Bound on Binomial cumulative distribution

Question

Let $X$ be a binomial r.v. with parameters $n \in \mathbb{N}$ and $p \in [0,1]$, we write $X \sim B(n, p)$. The cumulative distribution function can be expressed as $$ \Pr(X\leq k) = \sum^k_{i=0} \binom{n}{i} p^{i} (1-p)^{n-i}. $$ I found in an article that $$ \Pr(X\leq k) \leq \binom{n}{k} (1-p)^{n-k}, $$ but I fail to see how this bound has been obtained.

Answer 1

You can think of $X$ as the number of successes out of $n$ independent events $E_1,E_2,\dots,E_n$, each with probability $p$ of success. We can write $$ \{X\le k\}=\bigcup_{\substack{S\subseteq \{1,\dots,n\} \\ |S|=n-k }} \bigcap_{i\in S} E_i^c $$ In words, the event $X\le k$ occurs if and only if there exists a subset of the $n$ events with cardinality $n-k$ such that none of the events in that subset occur.

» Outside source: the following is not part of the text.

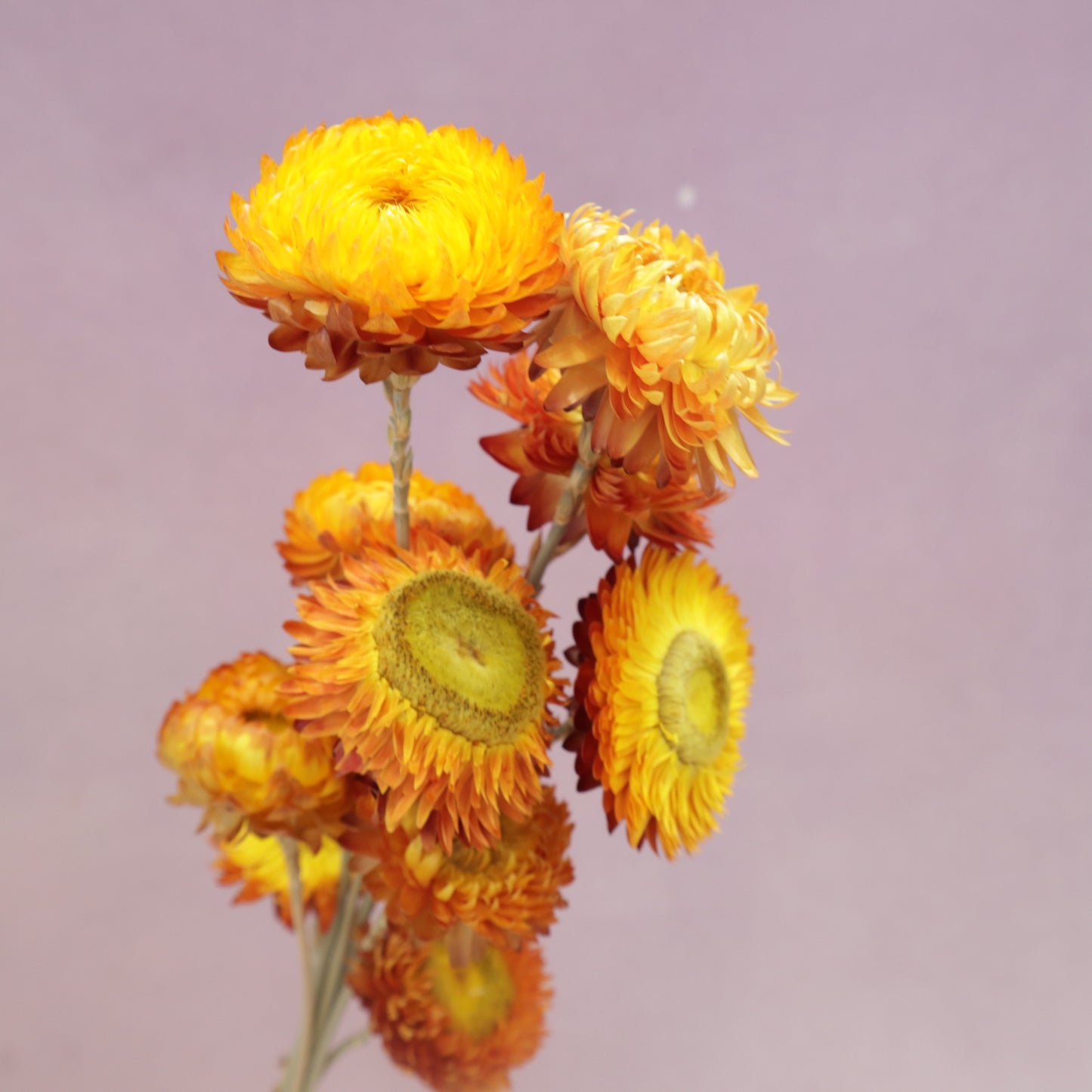 Strawflowers Sunset Yellow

You then use the Union Bound to get $$ P(X\le k)\le \sum_{\substack{S\subseteq \{1,\dots,n\} \\ |S|=n-k }} P\left(\bigcap_{i\in S} E_i^c\right) $$ Conclude by noting that $P\left(\bigcap_{i\in S} E_i^c\right)=(1-p)^{n-k}$, as this is the probability of $n-k$ particular events failing, and there are $\binom{n}{n-k}=\binom nk$ summands.